El proyecto plantea la derogación de los artículos 5, 8, 9, 14 y 20 de la ley actual. De acuerdo con la propuesta oficial, esto implicaría modificaciones en el alcance de la asistencia estatal y un retorno al esquema previo a la sanción de la emergencia.

Además, incorpora nuevas condiciones para acceder a las pensiones por invalidez, redefine los criterios para recibir la ayuda estatal y endurece los controles sobre los beneficiarios. Entre los principales puntos figura la implementación de un reempadronamiento obligatorio para todos los titulares de pensiones por invalidez, quienes deberán acreditar nuevamente su condición médica, situación socioeconómica y antecedentes laborales.

El texto también prevé la suspensión preventiva de las pensiones ante inconsistencias detectadas durante el proceso, garantizando el derecho a defensa y al debido proceso. En ese sentido, el proyecto establece que el “incumplimiento de los plazos y requisitos del reempadronamiento dará lugar a la suspensión y posterior baja del beneficio”.

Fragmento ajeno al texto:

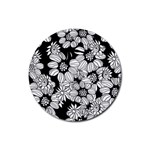 Mandala Calming Coloring Page Rubber Coaster (Round)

El Gobierno anunció una suba de prestaciones por discapacidad y un beneficio extra para la Patagonia. 
El Gobierno anunció una suba de prestaciones por discapacidad y un beneficio extra para la Patagonia. 

Otro de los cambios propuestos establece que la pensión no contributiva equivaldrá al 70% del haber mínimo jubilatorio. Sin embargo, elimina la facultad del Poder Ejecutivo para otorgar incrementos vinculados a invalidez laboral o a zonas geográficas desfavorables.

Asimismo, incorpora el concepto de “incompatibilidad absoluta” con cualquier empleo formal o inscripción en regímenes laborales. De aprobarse, una persona con discapacidad perdería la posibilidad de conservar la pensión al acceder a un trabajo registrado. También quedarían sin efecto los incentivos destinados a empresas y organizaciones que contraten personas con discapacidad.